Add min_replicas setting to functions
When vacuuming we need to simulate if removing an FE will result in less then min replicas available.
When creating Graphs with functions with min_replicas we need to make sure that we have enough capacity in the cluster to all of the min_replicas for all FEs.
When deploying a new graph version we need to shutdown FEs for the previous version to not 2x capacity for the current version and previous version.
In the future we want min_replicas to be configurable via SDK.
When deploying a new graph version we need to shutdown FEs for the previous version to not 2x capacity for the current version and previous version.
I think the behavior we want could be that when a new version of a graph is deployed, we keep the old version of the graph running as long as there are in flight invocations for the old version. We spin up the new version as well if we have capacity, or we don't bring up the new graph at all when we don't have enough resources.
Users have a mechanism to upgrade pending/in-flight invocations to current version, they can use that to drain invocations off the existing graph version and at that point indexify can automatically bring up the new graph version.
It will take some extra work to implement, but we get consistent behavior around how graph versions behave.
Some more thoughts on this feature -
- We don't bring up new graphs until there is enough capacity for all the replicas of function
- Introduce the notion of priority in graphs. Users can provide priority to different graphs in a namespace, and we always prioritize the higher priority graphs over the lower priority ones when capacity is constrained.
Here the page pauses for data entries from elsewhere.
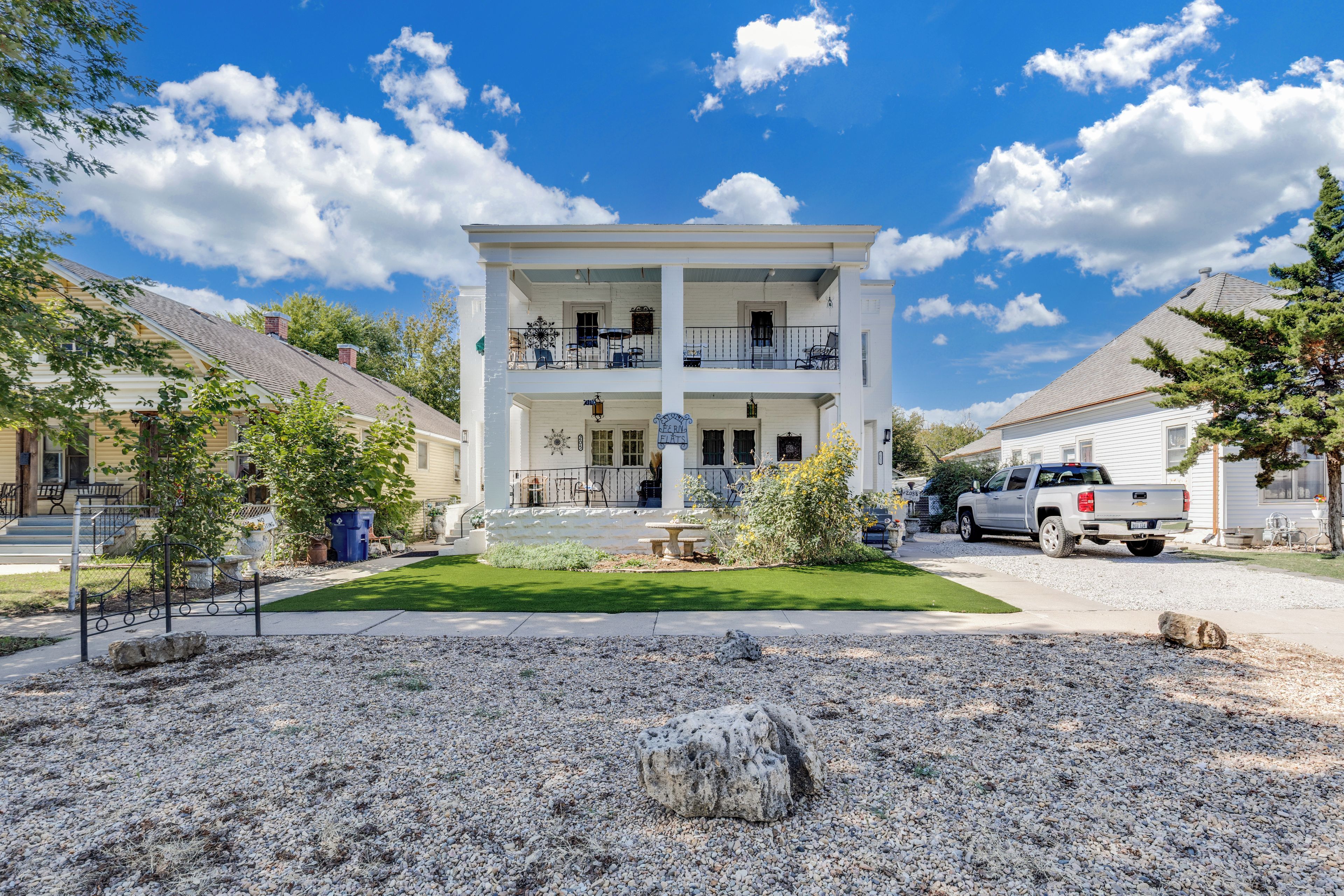 A two-story building with a balcony, a gravel driveway, and a parked truck.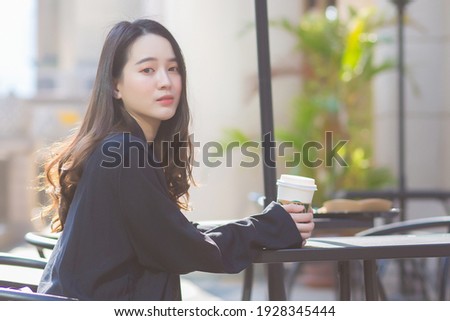 A beautiful Asian woman in a dark blue suit is sitting on a chair looking out. In front of a coffee shop in a sunny morning.
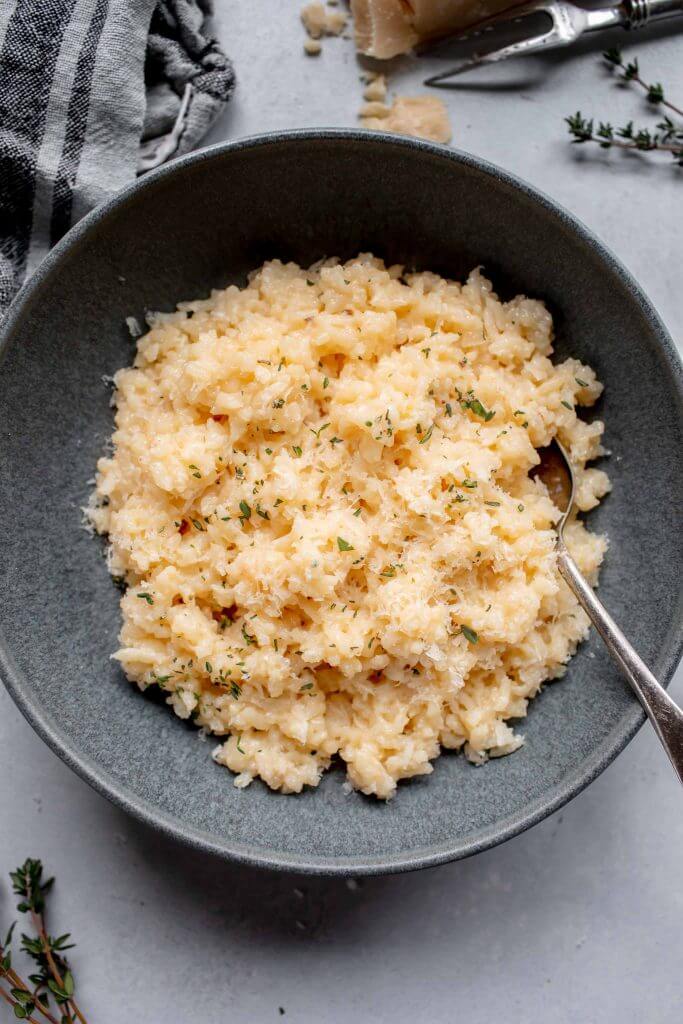 Risotto in grey bowl next to shards of parmesan cheese.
- Across namespace we randomly pick graphs with equal priority when capacity is constrained
- We provide operators - people who are running the indexify clusters (not users) control the priority of graphs through API and server config such that they can decide the priority of some or all graphs. This makes it easy to run multi-tenant clusters where some namespaces and graphs within them are more important than others.
- We introduce State attribute in ComputeGraph - Active, Pending and an attribute Option<PendingReason> which would denote why a compute graph would be in this state. PendingReason could be things like - Broken Graph, No Capacity, BillingRequired, etc - something operators or Indexify can set. This should probably be tracked as a separate feature but I think this is the first point where we need this.